Supplied data:
==========
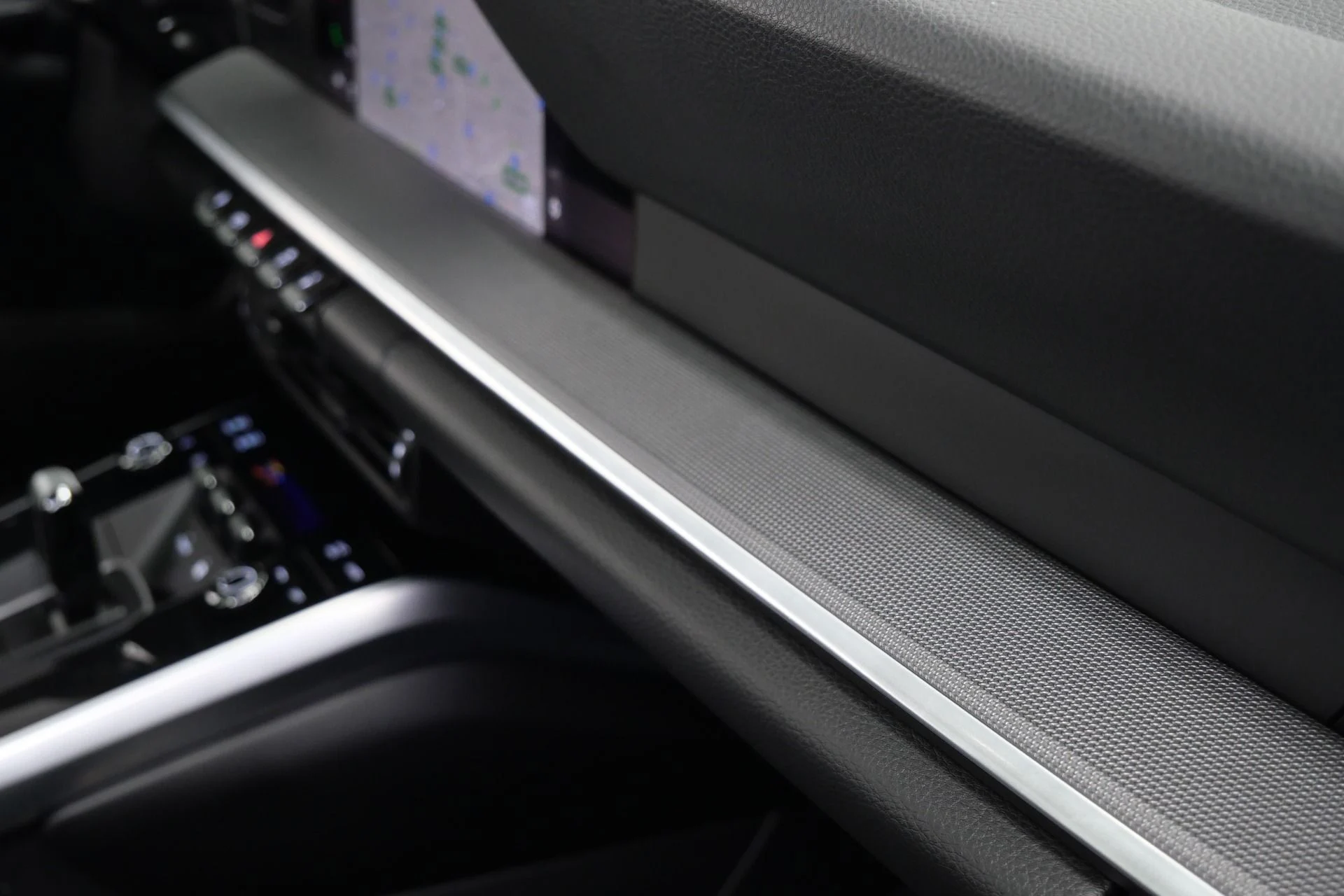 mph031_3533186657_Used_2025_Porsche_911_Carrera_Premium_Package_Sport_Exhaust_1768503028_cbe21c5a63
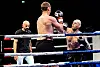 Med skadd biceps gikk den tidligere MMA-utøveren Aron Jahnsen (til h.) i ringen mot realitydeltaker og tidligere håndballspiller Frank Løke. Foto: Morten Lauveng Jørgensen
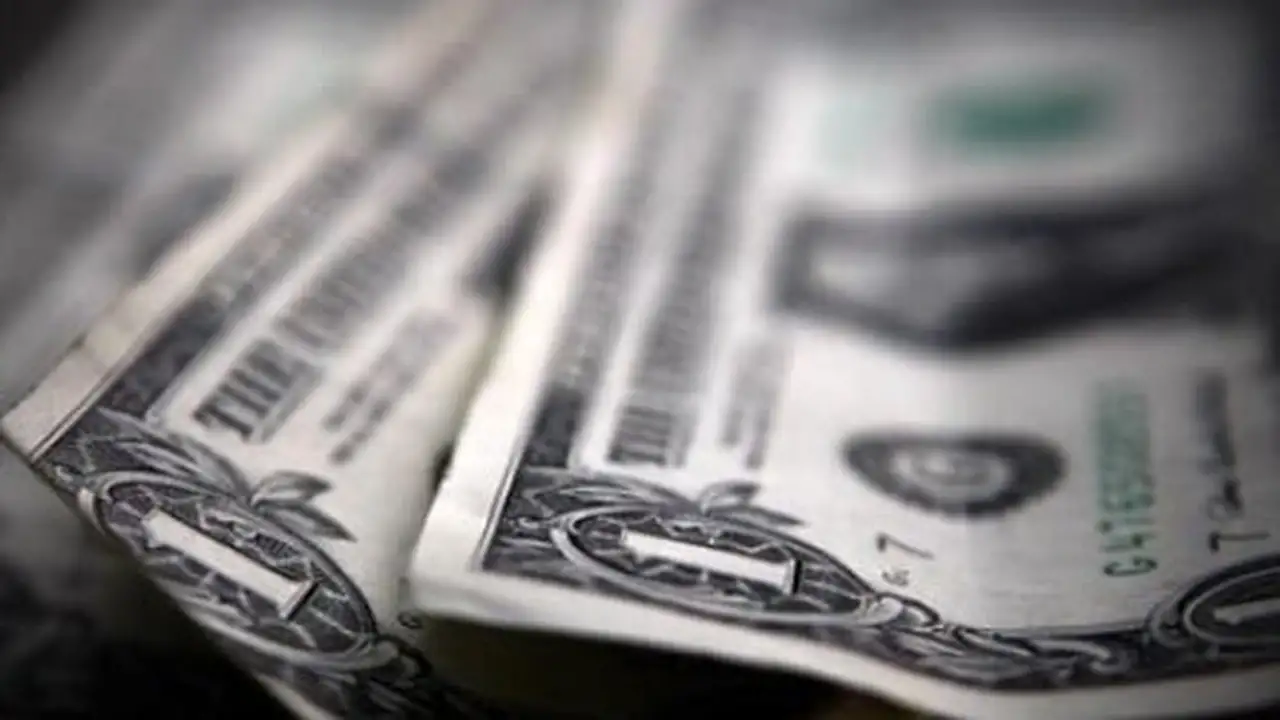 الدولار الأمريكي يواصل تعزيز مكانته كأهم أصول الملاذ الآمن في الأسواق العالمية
==========
Word for word and without pictures, restate only the lines running from the one that contains "Med skadd biceps" through the last line of the listing above.

Output of the exercise:
 Med skadd biceps gikk den tidligere MMA-utøveren Aron Jahnsen (til h.) i ringen mot realitydeltaker og tidligere håndballspiller Frank Løke. Foto: Morten Lauveng Jørgensen
 الدولار الأمريكي يواصل تعزيز مكانته كأهم أصول الملاذ الآمن في الأسواق العالمية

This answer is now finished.